Um garoto de 16 anos, numa
jangada improvisada, transporta quem não quer andar no escuro pela rua, uma das que estão em pior situação. Quem se
aventura enfrenta a água fétida
na cintura; cobras passeiam no
local. O serviço custa R$ 2,00
por pessoa.
A jangada de Leandro Ferreira é feita da madeira de sua cama, destruída na enchente. Como no "Auto da Barca do Inferno", o jovem leva seus passageiros a um destino indesejado. O
barco tem até nome: Titanic.
Medo da água ele diz não ter.
Mas, de tanto enfrentá-la, acabou doente e nem tratamento
pôde ter. Foi barrado na AMA
Jardim Romano porque não tinha RG. Perdeu-o na enchente.

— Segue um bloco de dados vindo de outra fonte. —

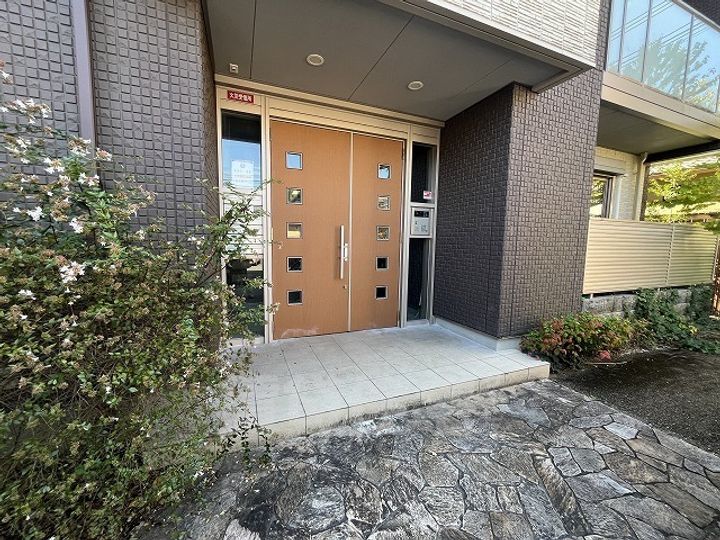 エスパシオ平城の玄関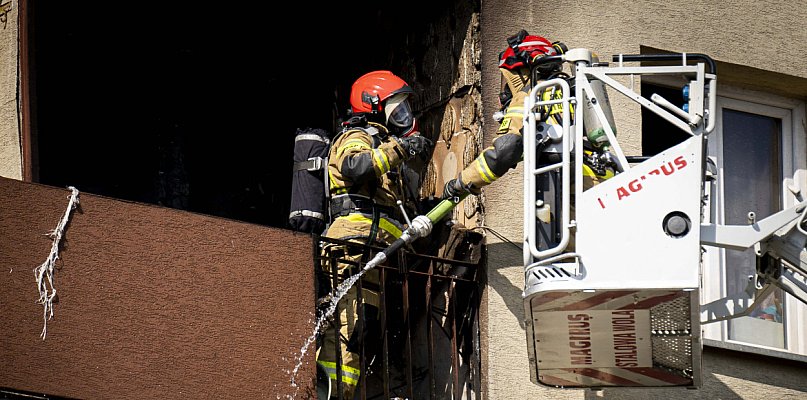 Stalowa Wola: Pożar w wieżowcu przy ul. Okulickiego - 225255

A Folha passou a madrugada
na região inundada, com roupas de proteção. Na noite de
quarta-feira e na madrugada de
quinta, a impossibilidade de
descansar com tranquilidade
era a realidade do bairro.
As luzes do conjunto habitacional da Caixa, à esquerda, refletem na água da rua Capachós enquanto Dalva Dias, 49,
moradora de uma das dezenas
de casas inundadas do lado direito, chega em casa. Acaba
surpreendida pela água suja
acima do tornozelo.
"A água tinha saído. Tanto
que limpamos tudo", diz. Na
casa, moram ainda o marido,
Izildo, 50, e o filho, Rodrigo, 21.
"Achamos que algo estava sendo feito e que a enchente tivesse acabando", lamenta.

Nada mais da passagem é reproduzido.